Center for Regenerative Medicine of Boston University and Boston Medical Center, Boston, MA 02118, USA; The Pulmonary Center and Department of Medicine, Boston University School of Medicine, Boston, MA 02118, USA.
Center for Regenerative Medicine of Boston University and Boston Medical Center, Boston, MA 02118, USA.
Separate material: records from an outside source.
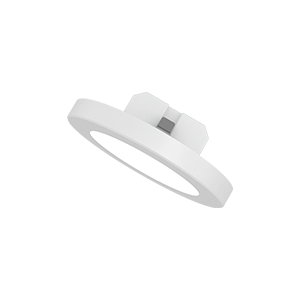 Green Creative SLMFT5/9CCTS/DIM010UNV 5 Inch Slimfit LED Surface Mount Round 10W 120-277V CCT Selectable 2700K/3000K/3500K/4000K/5000K 90 CRI 0-10V Dimming White (38403)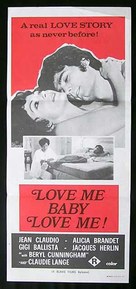 Una storia d&#039;amore - Australian Movie Poster (xs thumbnail)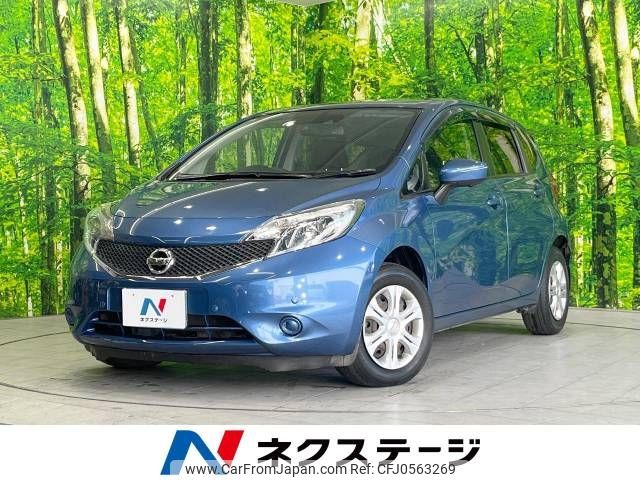 nissan note 2014 -NISSAN--Note DBA-E12--E12-302414---NISSAN--Note DBA-E12--E12-302414- image 1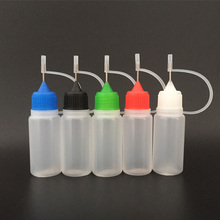 200pcs 10ml PE Empty E liquid Bottle Needle Dropper Bottle for E juice, Empty Plastic oil Storage Bottle 2024 - buy cheap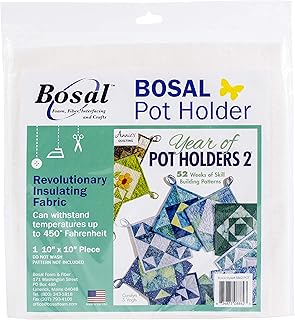 Bosal Soporte Aislante para ollas, Color Blanco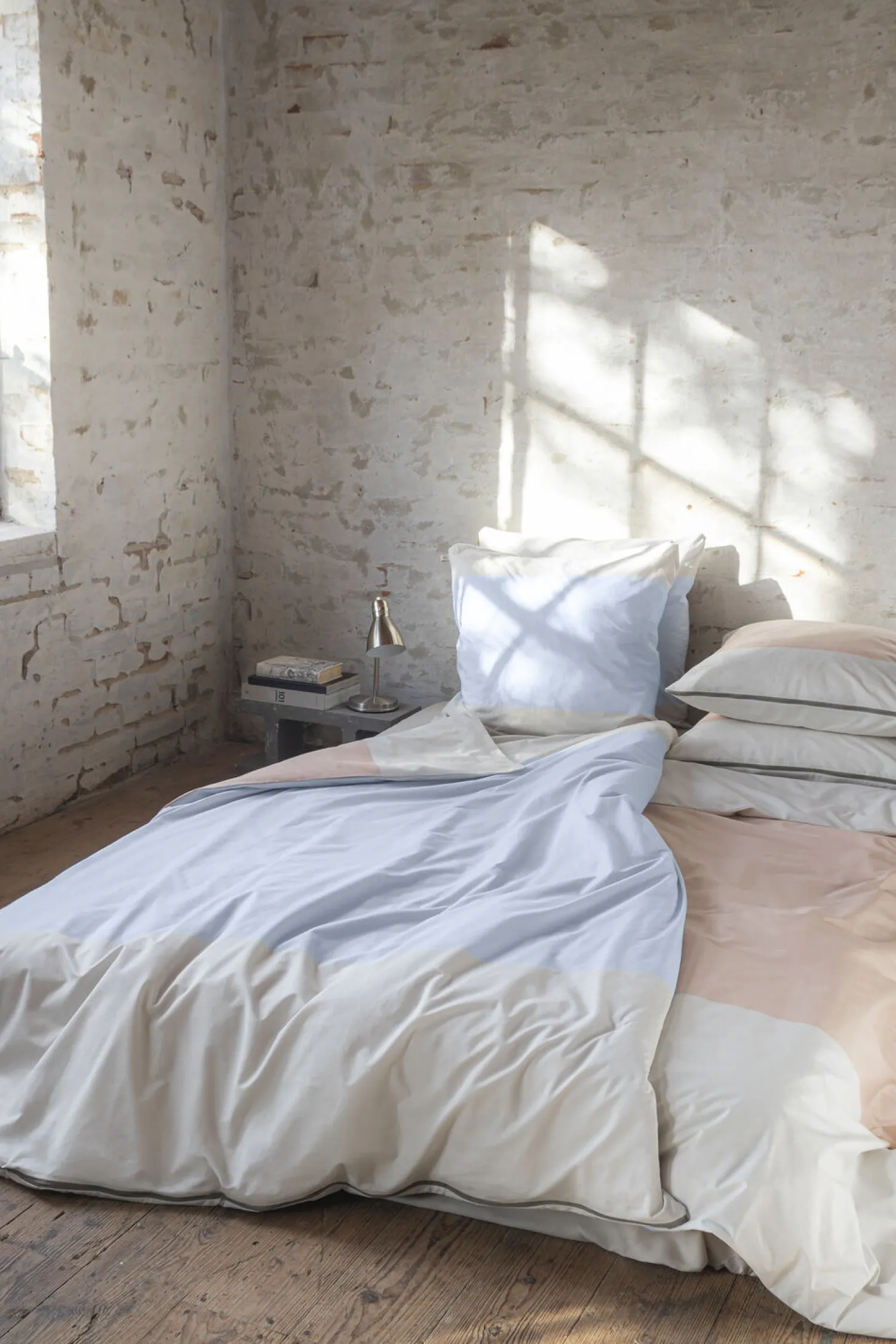 - COLORE bed set - Light blue*Mette Ditmer Best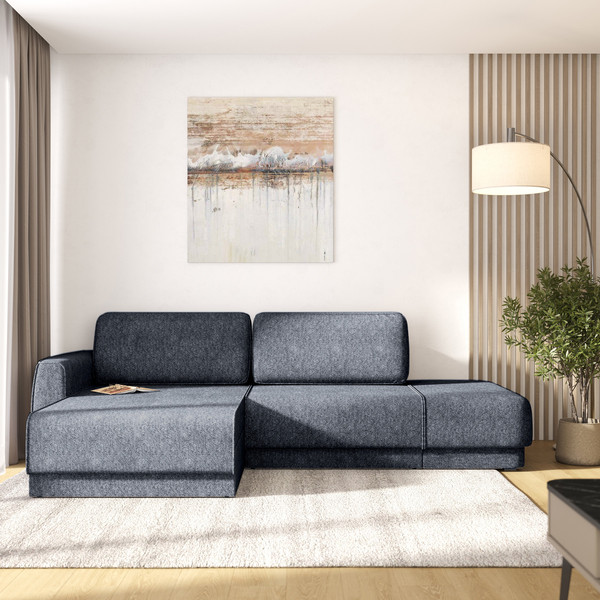 Диван угловой Олмеко Женева SOPF правый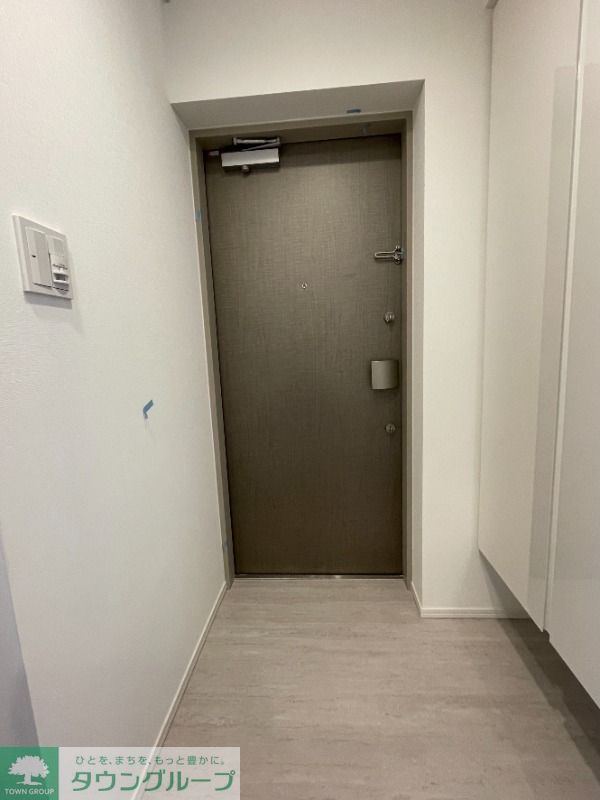 玄関　601号室の写真です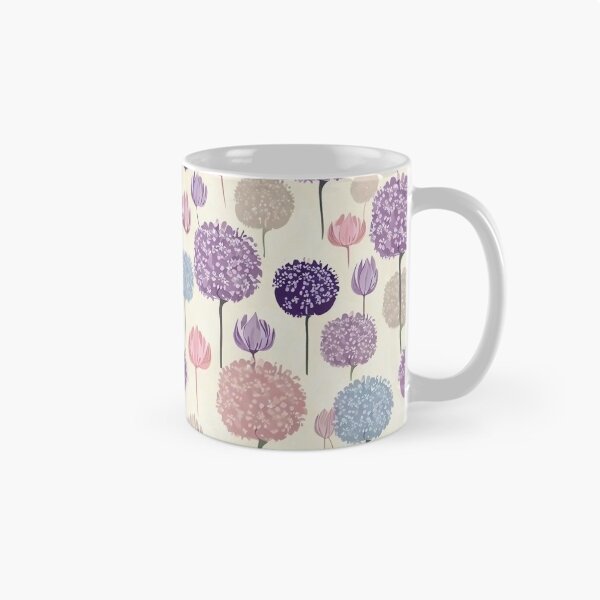Artikelvorschau, floral pattern Zierlauch entworfen und verkauft von Fantes.
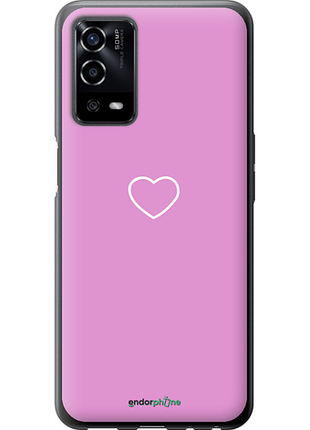 Чехол на oppo a55 сердце 2 "4863u-2273-8094"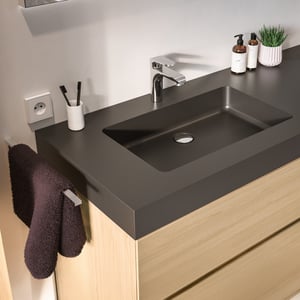 Storke Scuro High plan vasque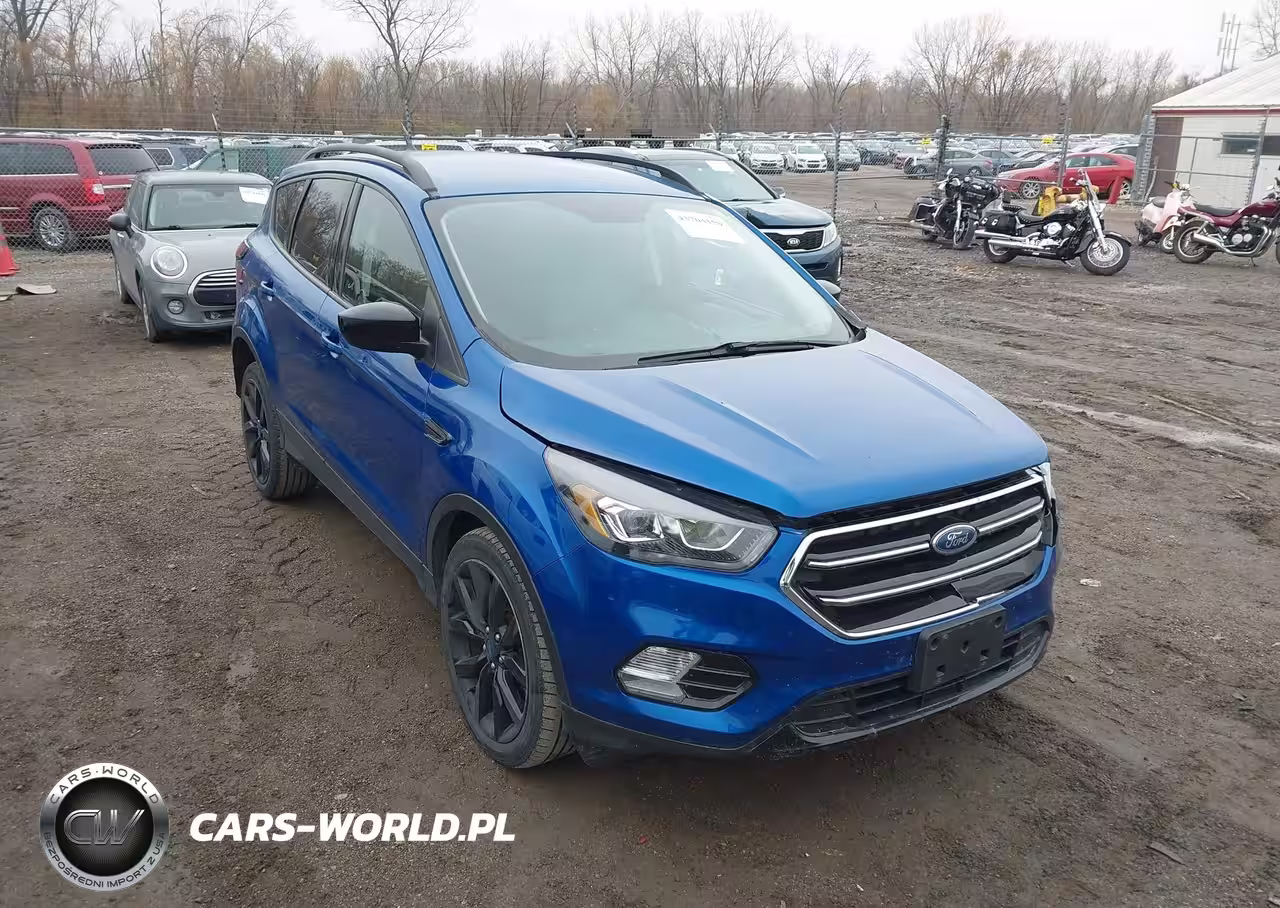 2019 Ford Escape Se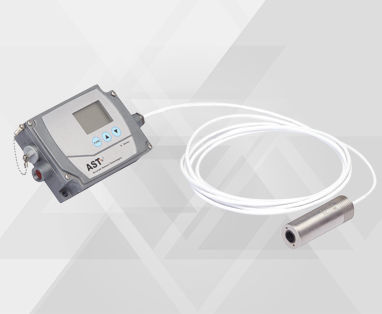 Пирометр со съемной измерительной головкой - E Series - Accurate Sensors Technologies Pvt Ltd - Инфракрасный / с дисплеем LCD / °C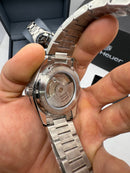 TAG Heuer Carrera Date Twin-Time Aço - 41mm - Mostrador Verde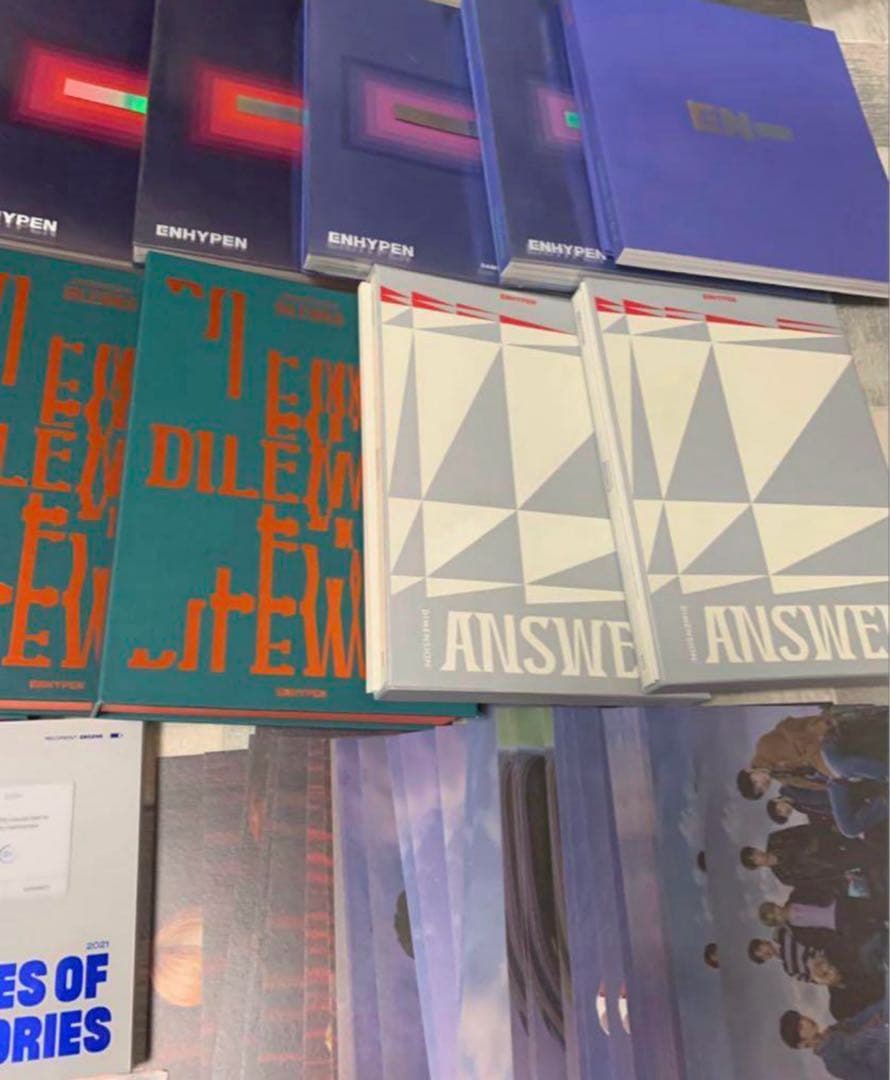 ENHYPEN CDアルバムセット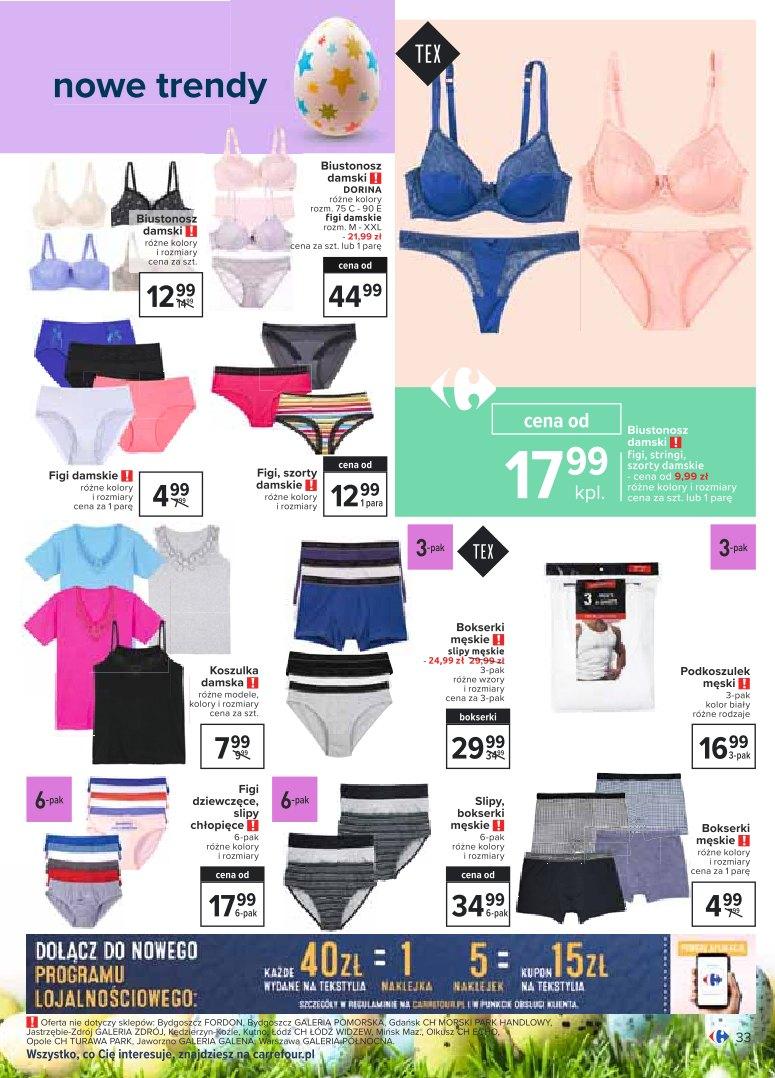 Gazetka promocyjna Carrefour str. 33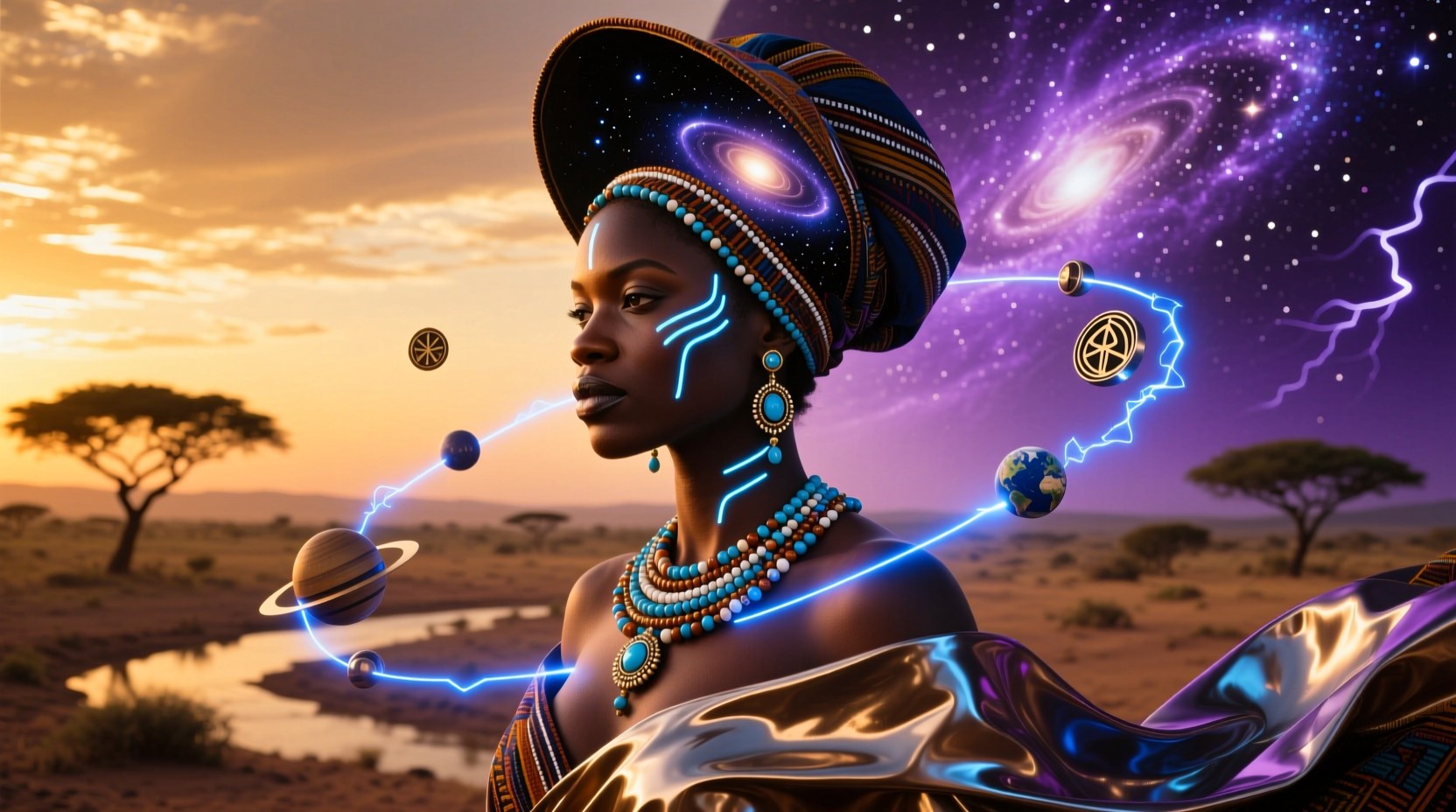 Free Cosmic African Guardian Image - Cosmic, African, Guardian ...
Stem Cell Reports. 2018 May 8;10(5):1579-1595. doi: 10.1016/j.stemcr.2018.03.013. Epub 2018 Apr 12.
Lung epithelial lineages have been difficult to maintain in pure form in vitro, and lineage-specific reporters have proven invaluable for monitoring their emergence from cultured pluripotent stem cells (PSCs). However, reporter constructs for tracking proximal airway lineages generated from PSCs have not been previously available, limiting the characterization of these cells. Here, we engineer mouse and human PSC lines carrying airway secretory lineage reporters that facilitate the tracking, purification, and profiling of this lung subtype. Through bulk and single-cell-based global transcriptomic profiling, we find PSC-derived airway secretory cells are susceptible to phenotypic plasticity exemplified by the tendency to co-express both a proximal airway secretory program as well as an alveolar type 2 cell program, which can be minimized by inhibiting endogenous Wnt signaling. Our results provide global profiles of engineered lung cell fates, a guide for improving their directed differentiation, and a human model of the developing airway.
肺上皮谱系在体外很难以纯形式维持,谱系特异性报告基因已被证明对于监测其从培养的多能干细胞 (PSC) 中出现非常有价值。然而,以前没有用于跟踪源自 PSC 的近端气道谱系的报告基因构建体,限制了对这些细胞的表征。在这里,我们构建了携带气道分泌谱系报告基因的小鼠和人类 PSC 系,这些报告基因有助于这些肺亚型的跟踪、纯化和分析。通过批量和单细胞全转录组谱分析,我们发现 PSC 衍生的气道分泌细胞易受表型可塑性的影响,例如倾向于同时表达近端气道分泌程序和肺泡 2 型细胞程序,通过抑制内源性 Wnt 信号可以最小化这种情况。我们的研究结果提供了工程化肺细胞命运的全局图谱,为改善其定向分化提供了指导,并为发育中的气道提供了人类模型。